Inspired by the roots music that once floated out of clubs in the area, they created “Landscape in Blue,” an outdoor art project funded by the museum and Berkeley’s Institute for Urban and Regional Development.

Through extensive research, the team discovered old plans of the district — including maps used by fire insurance companies — and historical information about the prominent citizens who once inhabited this community.

Using this lore, they constructed three components of an art installation.

Beneath the BART tracks, 24 individually designed and constructed “blues” benches — with posters on the back “advertising” the area’s legendary music scene, activists and events — mark the site of a former neighborhood church.

Near the post office, 12 low wooden walls — representing the 12-bar pattern of blues music — partially outline the foundations where a building once stood.

Finally, reflective material applied to the concrete columns that support the BART tracks cast ghostly images of the decaying structures that populate the area.

“The designs are meant to expose and interpret what exists rather than obscure what is really there,” said Hood. “We tried to illuminate without being judgmental, melding the past with the present.”

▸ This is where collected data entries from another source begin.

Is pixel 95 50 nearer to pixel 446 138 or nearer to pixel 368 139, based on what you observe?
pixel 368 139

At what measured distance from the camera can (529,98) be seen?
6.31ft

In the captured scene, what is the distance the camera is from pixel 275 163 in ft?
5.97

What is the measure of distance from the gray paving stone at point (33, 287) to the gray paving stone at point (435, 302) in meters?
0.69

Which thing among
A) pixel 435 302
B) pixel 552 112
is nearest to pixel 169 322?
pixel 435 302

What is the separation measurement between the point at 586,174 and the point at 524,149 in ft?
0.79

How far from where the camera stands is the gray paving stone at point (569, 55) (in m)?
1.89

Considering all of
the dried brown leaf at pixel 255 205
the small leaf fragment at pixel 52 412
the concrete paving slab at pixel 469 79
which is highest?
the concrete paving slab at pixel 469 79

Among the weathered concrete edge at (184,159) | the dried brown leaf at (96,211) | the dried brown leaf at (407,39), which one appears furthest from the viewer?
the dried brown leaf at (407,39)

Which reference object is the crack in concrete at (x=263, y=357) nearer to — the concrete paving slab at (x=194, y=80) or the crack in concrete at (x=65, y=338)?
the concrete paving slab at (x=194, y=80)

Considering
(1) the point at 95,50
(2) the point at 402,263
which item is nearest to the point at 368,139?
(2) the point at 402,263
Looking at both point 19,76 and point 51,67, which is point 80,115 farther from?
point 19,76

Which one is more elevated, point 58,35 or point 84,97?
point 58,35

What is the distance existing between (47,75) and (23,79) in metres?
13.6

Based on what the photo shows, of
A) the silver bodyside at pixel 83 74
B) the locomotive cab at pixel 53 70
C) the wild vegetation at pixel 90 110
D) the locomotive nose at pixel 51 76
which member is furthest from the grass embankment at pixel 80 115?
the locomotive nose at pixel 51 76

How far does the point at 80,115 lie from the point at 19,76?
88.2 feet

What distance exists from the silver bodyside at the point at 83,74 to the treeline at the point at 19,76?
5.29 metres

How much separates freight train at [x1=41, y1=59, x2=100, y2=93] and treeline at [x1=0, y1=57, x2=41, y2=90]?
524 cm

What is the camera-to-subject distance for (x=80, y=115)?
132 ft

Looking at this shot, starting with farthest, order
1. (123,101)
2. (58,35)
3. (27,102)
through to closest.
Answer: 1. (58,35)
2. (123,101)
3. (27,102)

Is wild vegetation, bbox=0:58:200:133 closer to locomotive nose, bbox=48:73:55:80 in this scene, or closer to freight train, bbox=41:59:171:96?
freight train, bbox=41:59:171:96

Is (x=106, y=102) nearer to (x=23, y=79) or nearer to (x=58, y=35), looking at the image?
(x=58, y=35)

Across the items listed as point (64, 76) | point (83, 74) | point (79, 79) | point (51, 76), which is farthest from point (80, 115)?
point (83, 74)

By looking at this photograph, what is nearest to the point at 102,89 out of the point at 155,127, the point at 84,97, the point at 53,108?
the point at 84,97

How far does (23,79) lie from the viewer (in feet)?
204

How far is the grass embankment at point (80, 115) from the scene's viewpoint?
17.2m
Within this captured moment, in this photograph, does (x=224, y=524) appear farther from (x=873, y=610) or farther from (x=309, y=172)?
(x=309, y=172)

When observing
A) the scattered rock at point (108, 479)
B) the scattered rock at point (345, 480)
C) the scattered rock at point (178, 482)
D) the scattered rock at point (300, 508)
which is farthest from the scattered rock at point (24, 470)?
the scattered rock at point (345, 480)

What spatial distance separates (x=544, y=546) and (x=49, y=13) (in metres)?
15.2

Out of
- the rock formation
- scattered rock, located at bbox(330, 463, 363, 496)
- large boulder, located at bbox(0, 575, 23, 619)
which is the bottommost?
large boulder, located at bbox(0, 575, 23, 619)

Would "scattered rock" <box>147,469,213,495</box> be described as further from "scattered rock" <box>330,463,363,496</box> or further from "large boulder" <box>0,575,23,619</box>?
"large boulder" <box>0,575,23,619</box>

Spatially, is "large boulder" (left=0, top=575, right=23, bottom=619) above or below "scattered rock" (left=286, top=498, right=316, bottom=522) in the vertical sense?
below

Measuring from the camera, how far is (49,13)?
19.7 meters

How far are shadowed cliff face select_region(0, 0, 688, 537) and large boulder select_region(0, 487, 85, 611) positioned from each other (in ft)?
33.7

Community groups were excited by the installation and its focus on the neighborhood, according to Hood. Several residents stopped by during construction to try out the benches and ask questions. A few were suspicious that the mirrors on the BART columns were some sort of police surveillance system, Hood recalled.

The project, on display through Oct. 14, provided a unique opportunity for Hood’s graduate students to learn more about creating public works.

“It helps educate students on how to build within a context, within a real-world environment,” he said.

Some of the pieces, particularly the benches, have fallen victim to vandalism, an occurrence that doesn’t particularly surprise or bother Hood.

“People are shaped by their environment,” he said. “Many residents here have grown accustomed to the bleakness of their landscape, so (they) feel little or no sense of neighborhood pride.”

Because of this disenfranchisement, he added, it’s hard to respect objects that others have placed here.

“This is a real challenge for designers: to find the linchpin that motivates residents of neglected areas to take ownership of and nurture their environment,” said Hood. “Hopefully, our project will spur the people of West Oakland to consider how they feel about their space.”